What you return must match the listing below exactly, minus any pictures.

Collected material -

====================

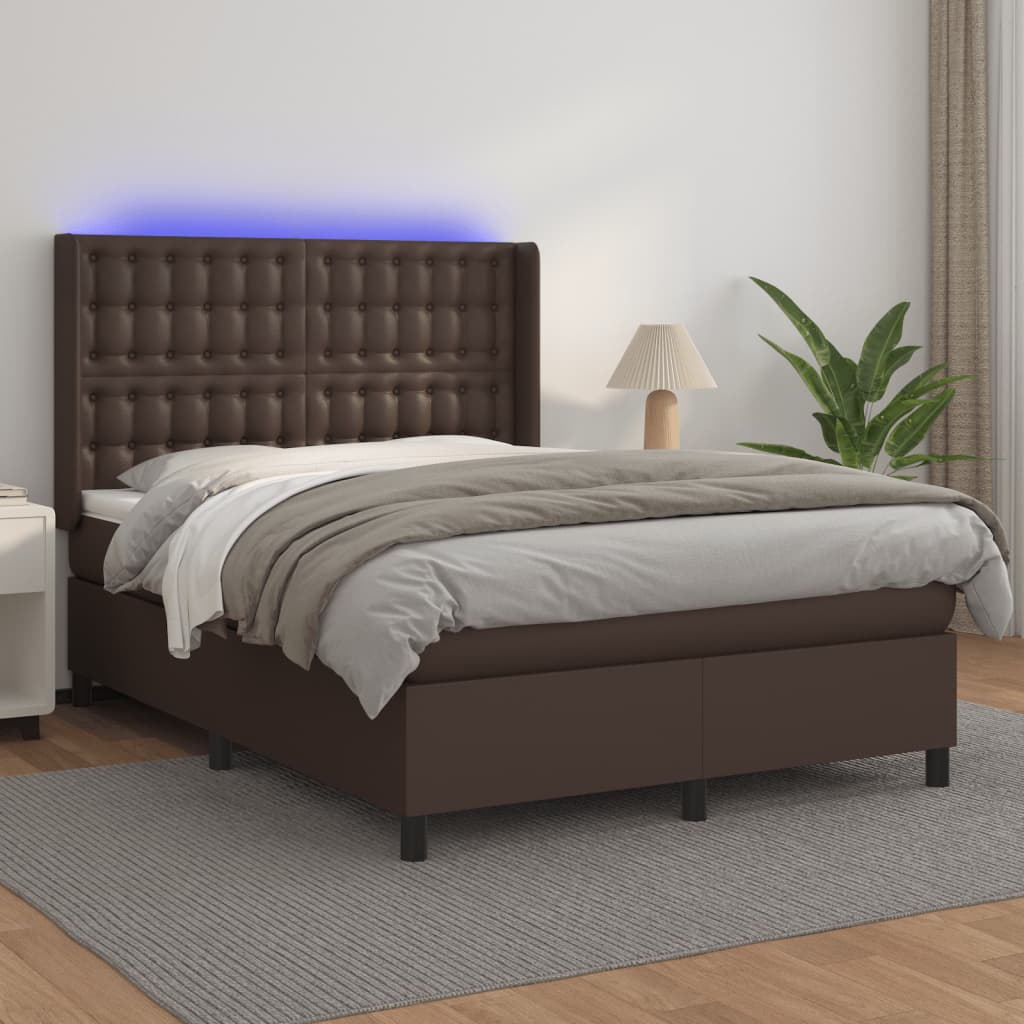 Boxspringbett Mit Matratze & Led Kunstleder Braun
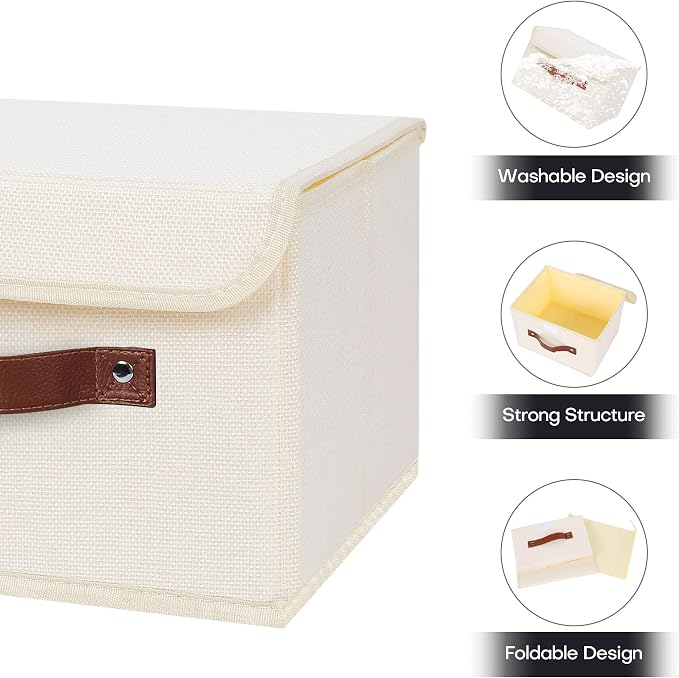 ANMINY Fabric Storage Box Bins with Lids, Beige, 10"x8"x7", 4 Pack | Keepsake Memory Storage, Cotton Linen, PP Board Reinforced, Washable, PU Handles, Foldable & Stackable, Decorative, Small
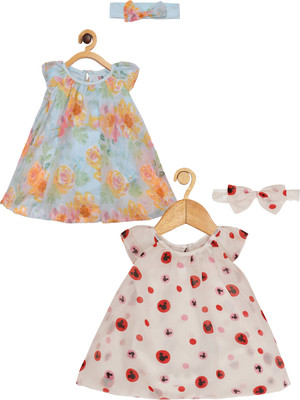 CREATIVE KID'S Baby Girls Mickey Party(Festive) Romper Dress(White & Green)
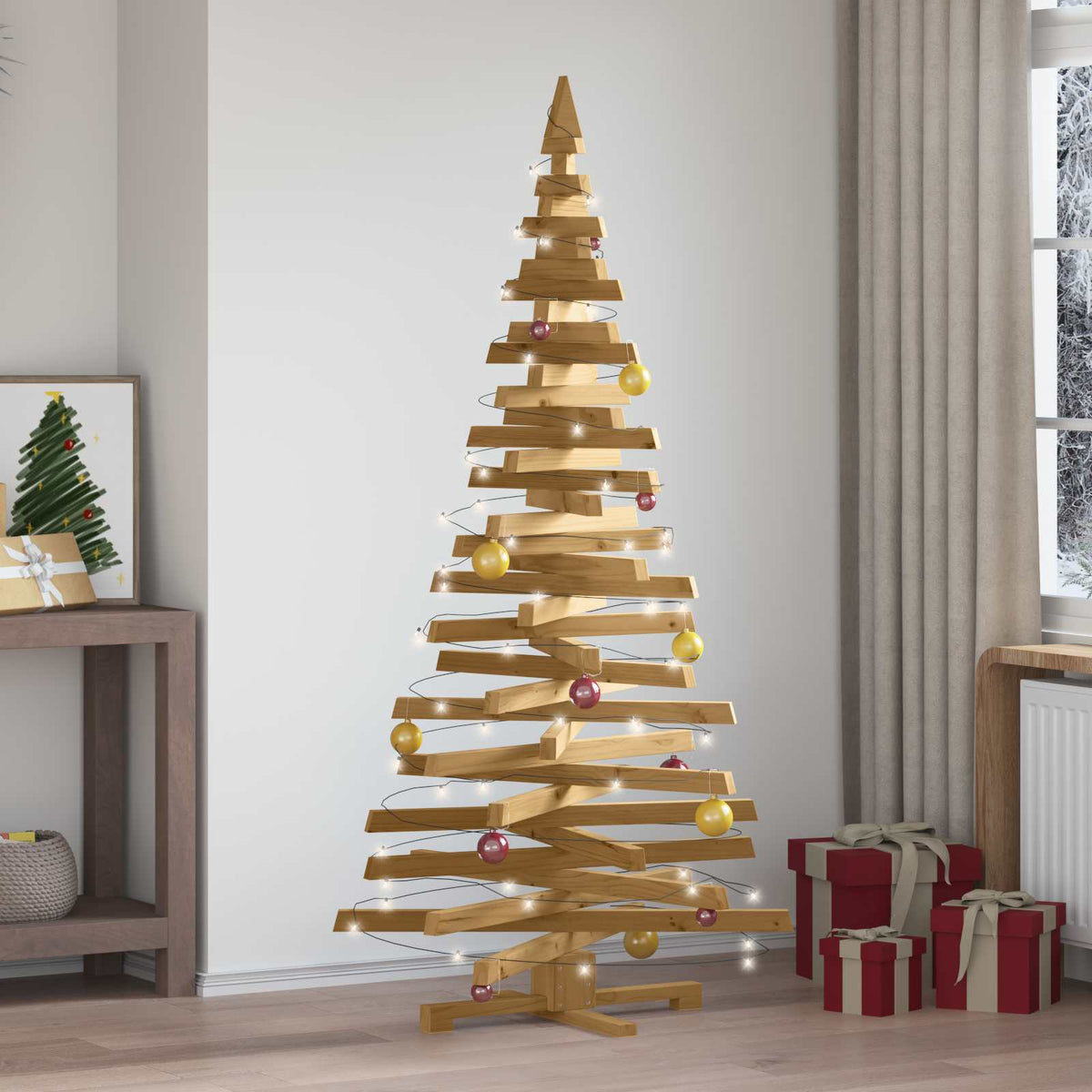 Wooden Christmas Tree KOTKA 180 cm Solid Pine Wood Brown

====================

Exercise response -
 Boxspringbett Mit Matratze & Led Kunstleder Braun
 ANMINY Fabric Storage Box Bins with Lids, Beige, 10"x8"x7", 4 Pack | Keepsake Memory Storage, Cotton Linen, PP Board Reinforced, Washable, PU Handles, Foldable & Stackable, Decorative, Small
 CREATIVE KID'S Baby Girls Mickey Party(Festive) Romper Dress(White & Green)
 Wooden Christmas Tree KOTKA 180 cm Solid Pine Wood Brown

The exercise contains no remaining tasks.